Para su regreso a los prolongados estertores de la Segunda Guerra Mundial, el cineasta polaco Paweł Pawlikowski recupera en Cold War (Zimna wojna) el preciosista blanco y negro de Ida, esta vez para acompañar, a lo largo de tres décadas, a dos “amantes irregulares” cuyo amour fou se ve golpeado una y otra vez por la brecha abierta en el corazón de Europa por la Guerra Fría. He aquí una odisea romántica contada con vértigo elíptico y profusión de paseos callejeros y besos furtivos, como no puede ser de otra manera en un film que busca, con poco disimulo, tender puentes con los referentes totémicos de la modernidad fílmica europea. El vínculo de la pareja protagonista se ve puntuado por sendas visitas a la que podría ser la iglesia abandonada de Nostalgia de Tarkovski, mientras la volátil personalidad de la heroína remite tanto a la rebeldía indomable de la Harriet Andersson de Un verano con Mónica de Bergman como al angst rubio-platino de la Monica Vitti del cine de Antonioni. Pese a su concisión, Cold War es una obra de gran ambición, difícil de encasillar en una única tradición fílmica, como demuestran los aires de Humphrey Bogart polaco del estoico antihéroe del film, con su fachada cínica y su fondo de cordero degollado por el amor.

La imposible peripecia amorosa de Cold War es, en gran medida, la cuerda de la que tira Pawlikowski para construir una crónica histórica de largo recorrido. La acción arranca en la Polonia rural de 1949, donde un músico (Tomasz Kot) forma un grupo de jóvenes intérpretes con los que rendir tributo a la música y el baile folclórico nacional –un planteamiento que remite a la magistral Platform de Jia Zhangke–. Pronto, la noble iniciativa artística caerá en manos de los intereses políticos imperantes en la Polonia comunista del periodo. Pawlikowski captura el despliegue propagandístico con unos imponentes y cartesianos planos ligeramente contrapicados que remiten al universo de Eisenstein (pese a estar filmada en formato 4/3, Cold War saber bascular entre lo íntimo y lo monumental). En un viaje a Berlín, en 1952, el pianista y una joven miembro del grupo intentarán escapar del bloque soviético, una huida que marcará el inicio de una serie de encuentros y desencuentros que se prolongarán por el París de la segunda mitad de los años 50. Ni la Polonia campestre ni el París más chic podrán sosegar el amor de nuestros amantes crucificados.

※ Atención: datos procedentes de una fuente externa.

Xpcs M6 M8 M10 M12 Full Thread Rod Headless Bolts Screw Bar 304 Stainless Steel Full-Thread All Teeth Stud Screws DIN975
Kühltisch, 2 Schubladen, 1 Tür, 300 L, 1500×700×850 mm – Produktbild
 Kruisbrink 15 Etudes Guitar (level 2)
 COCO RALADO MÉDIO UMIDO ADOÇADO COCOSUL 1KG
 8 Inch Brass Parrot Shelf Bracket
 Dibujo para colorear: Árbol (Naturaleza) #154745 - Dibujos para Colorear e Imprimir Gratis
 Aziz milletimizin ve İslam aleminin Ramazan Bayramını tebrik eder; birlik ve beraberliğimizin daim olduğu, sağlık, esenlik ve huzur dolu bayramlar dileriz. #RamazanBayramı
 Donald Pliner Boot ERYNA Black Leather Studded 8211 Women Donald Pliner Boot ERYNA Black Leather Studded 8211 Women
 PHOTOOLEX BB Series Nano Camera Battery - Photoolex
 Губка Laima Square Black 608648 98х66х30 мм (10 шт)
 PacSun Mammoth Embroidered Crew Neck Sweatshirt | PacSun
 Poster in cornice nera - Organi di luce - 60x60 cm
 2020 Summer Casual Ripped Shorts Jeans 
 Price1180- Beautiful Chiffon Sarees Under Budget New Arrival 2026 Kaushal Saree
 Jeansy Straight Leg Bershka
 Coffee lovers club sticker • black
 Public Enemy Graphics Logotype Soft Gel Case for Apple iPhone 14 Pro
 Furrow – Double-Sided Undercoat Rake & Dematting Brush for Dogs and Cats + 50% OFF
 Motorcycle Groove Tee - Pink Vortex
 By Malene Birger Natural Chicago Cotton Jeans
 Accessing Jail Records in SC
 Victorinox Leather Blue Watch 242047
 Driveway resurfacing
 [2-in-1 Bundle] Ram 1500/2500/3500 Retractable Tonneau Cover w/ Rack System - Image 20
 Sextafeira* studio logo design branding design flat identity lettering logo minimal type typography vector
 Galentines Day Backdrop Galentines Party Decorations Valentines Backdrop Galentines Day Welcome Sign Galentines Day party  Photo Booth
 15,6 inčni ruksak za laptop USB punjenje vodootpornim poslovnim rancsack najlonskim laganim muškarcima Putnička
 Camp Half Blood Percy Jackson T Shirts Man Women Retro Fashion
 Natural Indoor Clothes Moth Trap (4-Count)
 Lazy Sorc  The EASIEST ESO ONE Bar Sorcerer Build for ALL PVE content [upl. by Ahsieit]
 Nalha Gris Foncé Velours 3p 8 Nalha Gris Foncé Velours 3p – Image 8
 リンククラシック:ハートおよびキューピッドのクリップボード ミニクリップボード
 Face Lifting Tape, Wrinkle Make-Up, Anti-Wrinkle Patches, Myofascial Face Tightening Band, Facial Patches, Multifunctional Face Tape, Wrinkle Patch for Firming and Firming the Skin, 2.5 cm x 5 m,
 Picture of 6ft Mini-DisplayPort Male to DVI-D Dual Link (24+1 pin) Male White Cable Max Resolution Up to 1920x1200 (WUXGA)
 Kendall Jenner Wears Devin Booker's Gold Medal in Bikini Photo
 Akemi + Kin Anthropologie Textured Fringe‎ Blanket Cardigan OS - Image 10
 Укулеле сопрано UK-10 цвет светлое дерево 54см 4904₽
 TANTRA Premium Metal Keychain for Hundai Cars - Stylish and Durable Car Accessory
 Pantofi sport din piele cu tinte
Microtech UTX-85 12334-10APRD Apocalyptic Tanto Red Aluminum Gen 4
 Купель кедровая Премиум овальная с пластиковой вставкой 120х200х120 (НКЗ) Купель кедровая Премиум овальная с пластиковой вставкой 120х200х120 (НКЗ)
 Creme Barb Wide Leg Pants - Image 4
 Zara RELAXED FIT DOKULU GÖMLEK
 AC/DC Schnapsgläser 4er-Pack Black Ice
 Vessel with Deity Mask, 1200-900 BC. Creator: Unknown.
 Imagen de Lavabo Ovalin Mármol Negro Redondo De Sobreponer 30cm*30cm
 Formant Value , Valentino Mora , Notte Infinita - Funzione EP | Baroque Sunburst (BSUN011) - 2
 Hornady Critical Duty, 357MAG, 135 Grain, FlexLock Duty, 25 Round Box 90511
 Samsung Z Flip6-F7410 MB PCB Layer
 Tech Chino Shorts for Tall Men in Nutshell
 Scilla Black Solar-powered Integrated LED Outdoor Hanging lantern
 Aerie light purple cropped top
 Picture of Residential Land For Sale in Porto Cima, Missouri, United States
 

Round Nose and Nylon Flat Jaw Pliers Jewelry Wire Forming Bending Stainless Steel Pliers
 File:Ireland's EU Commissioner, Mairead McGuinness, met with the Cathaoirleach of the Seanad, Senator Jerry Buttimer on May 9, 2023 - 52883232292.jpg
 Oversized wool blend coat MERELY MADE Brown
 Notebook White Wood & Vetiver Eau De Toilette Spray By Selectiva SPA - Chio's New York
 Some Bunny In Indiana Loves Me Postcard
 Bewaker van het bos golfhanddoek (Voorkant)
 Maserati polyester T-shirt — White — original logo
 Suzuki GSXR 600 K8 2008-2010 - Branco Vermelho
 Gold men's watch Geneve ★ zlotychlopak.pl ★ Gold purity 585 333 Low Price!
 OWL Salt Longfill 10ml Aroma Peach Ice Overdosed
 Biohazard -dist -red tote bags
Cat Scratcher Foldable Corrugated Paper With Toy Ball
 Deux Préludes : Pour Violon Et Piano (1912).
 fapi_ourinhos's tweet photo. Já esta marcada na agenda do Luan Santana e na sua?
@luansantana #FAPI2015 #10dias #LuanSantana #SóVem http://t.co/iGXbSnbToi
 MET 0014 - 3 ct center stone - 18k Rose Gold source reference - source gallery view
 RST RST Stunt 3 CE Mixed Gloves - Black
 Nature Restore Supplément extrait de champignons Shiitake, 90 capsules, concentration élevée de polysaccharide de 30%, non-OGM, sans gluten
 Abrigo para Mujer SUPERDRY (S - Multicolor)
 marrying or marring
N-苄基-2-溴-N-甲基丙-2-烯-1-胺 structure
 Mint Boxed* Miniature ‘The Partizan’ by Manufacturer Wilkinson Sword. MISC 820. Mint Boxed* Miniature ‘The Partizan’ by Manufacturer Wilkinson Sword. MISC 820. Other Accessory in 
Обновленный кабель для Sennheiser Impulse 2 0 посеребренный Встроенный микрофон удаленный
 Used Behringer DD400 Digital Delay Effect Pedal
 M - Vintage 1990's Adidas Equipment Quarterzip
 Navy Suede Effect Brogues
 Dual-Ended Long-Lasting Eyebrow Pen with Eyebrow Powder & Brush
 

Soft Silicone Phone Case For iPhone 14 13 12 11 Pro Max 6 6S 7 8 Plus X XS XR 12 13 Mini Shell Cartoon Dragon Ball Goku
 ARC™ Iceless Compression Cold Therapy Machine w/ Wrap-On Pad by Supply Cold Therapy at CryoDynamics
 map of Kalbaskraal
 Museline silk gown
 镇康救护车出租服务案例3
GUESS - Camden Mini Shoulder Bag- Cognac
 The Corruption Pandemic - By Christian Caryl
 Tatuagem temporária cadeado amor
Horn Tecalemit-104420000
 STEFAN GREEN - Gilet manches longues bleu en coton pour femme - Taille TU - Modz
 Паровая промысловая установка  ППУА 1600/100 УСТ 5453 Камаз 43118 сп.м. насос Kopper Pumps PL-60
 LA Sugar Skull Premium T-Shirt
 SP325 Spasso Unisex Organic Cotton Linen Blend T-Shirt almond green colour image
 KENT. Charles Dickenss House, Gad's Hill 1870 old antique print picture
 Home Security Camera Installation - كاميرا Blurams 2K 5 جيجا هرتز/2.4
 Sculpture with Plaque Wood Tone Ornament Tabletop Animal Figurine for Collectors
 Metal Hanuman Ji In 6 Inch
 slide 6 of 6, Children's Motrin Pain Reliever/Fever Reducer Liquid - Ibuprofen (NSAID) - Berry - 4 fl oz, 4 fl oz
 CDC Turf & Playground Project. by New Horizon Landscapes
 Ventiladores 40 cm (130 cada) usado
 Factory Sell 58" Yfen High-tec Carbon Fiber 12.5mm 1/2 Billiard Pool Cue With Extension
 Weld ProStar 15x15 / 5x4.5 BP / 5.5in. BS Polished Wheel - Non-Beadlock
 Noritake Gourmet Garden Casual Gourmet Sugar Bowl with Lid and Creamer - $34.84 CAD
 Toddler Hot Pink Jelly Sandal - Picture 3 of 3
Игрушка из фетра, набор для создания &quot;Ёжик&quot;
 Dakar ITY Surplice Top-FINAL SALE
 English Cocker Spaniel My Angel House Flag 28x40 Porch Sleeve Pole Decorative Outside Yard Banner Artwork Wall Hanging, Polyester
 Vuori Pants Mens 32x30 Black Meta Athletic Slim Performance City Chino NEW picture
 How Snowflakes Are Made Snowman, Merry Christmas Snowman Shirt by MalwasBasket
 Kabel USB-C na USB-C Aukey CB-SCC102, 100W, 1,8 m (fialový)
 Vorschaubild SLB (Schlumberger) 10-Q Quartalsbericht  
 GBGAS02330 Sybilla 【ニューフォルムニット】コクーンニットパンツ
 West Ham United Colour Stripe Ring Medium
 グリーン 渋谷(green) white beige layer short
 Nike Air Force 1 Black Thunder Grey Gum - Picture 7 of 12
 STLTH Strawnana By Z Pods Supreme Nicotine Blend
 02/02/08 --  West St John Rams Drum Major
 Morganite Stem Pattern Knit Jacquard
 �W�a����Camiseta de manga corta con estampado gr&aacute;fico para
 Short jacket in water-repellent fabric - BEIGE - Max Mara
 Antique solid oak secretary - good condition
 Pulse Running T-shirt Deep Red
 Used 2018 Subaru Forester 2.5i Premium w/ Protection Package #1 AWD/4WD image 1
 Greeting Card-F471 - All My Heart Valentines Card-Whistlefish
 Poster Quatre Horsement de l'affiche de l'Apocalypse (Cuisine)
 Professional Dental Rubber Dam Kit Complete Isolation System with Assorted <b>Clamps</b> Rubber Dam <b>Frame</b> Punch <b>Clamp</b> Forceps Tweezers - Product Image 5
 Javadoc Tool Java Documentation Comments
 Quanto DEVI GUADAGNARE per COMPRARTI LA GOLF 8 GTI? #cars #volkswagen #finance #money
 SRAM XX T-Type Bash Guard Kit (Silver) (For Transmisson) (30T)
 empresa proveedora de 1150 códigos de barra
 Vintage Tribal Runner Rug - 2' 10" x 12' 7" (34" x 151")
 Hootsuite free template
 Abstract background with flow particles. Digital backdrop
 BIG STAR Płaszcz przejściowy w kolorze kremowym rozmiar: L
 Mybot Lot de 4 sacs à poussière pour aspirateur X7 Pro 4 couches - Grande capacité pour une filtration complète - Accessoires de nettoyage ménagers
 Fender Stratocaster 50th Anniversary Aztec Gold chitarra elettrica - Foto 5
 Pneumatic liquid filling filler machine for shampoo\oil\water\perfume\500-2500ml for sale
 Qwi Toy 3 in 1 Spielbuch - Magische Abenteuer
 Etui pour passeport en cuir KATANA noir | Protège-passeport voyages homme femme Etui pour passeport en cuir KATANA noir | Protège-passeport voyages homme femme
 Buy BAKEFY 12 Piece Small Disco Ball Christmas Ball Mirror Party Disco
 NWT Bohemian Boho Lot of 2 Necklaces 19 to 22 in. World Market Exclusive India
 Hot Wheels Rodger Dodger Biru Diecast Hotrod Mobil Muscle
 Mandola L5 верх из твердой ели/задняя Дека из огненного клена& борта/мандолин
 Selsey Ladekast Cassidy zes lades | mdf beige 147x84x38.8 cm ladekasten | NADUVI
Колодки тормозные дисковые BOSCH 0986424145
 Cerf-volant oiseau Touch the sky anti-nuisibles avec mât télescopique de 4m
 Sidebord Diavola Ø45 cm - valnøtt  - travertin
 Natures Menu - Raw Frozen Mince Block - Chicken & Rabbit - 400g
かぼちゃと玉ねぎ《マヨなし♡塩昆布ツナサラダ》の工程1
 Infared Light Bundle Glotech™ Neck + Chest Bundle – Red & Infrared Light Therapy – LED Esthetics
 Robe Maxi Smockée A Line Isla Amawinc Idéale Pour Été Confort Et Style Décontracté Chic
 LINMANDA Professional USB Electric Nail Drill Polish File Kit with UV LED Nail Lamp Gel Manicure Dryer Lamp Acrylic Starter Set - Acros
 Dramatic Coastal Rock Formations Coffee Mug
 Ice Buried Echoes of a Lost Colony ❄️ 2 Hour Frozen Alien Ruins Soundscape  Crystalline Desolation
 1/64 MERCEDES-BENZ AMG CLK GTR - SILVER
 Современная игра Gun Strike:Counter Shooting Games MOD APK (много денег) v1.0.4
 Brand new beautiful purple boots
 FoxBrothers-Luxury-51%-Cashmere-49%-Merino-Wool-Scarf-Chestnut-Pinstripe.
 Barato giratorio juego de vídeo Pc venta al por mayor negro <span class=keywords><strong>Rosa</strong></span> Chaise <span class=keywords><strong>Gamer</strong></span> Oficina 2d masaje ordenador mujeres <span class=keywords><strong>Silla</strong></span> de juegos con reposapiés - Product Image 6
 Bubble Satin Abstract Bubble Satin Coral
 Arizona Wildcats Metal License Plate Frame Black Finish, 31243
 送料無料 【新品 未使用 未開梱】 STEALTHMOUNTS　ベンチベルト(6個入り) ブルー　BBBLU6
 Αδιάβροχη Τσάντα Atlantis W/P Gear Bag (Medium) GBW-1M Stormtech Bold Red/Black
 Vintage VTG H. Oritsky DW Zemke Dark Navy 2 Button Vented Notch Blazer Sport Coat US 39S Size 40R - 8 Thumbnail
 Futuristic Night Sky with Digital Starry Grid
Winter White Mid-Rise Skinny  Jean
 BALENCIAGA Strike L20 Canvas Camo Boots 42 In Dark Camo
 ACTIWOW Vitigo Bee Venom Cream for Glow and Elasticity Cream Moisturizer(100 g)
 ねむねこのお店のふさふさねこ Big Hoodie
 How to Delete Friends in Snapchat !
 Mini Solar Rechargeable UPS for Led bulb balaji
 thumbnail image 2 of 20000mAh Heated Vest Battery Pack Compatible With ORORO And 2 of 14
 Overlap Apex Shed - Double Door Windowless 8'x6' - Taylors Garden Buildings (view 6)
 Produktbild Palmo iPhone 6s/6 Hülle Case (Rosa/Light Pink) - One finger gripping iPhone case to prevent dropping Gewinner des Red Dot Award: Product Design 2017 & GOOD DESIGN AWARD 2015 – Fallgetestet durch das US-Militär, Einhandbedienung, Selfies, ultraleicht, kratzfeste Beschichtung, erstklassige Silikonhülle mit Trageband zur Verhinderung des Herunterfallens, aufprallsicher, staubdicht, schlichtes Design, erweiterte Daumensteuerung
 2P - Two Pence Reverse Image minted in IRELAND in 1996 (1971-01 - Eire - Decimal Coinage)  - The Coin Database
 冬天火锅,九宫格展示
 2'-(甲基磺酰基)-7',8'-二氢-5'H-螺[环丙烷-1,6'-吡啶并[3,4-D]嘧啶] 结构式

Hay algo inquietante, casi opresivo, en la perfección plástica de Cold War, como si para Pawlikowski cada imagen fuera un cuadro para colgar en una galería o museo. Sin embargo, la presencia esquiva, en permanente fuga, de la joven actriz Joanna Kulig distancia la película de la sombra del academicismo. En una de las secuencias más memorables del film, la joven polaca, convertida en exótica atracción del París bohemio, bambolea su cuerpo por una pista de baile al ritmo convulso del Rock Around the Clock de Bill Haley & His Comets. La convulsión del arte y del amor, ese campo de batalla que puede devenir un verdadero infierno cuando entra en contacto con la intransigencia ideológica.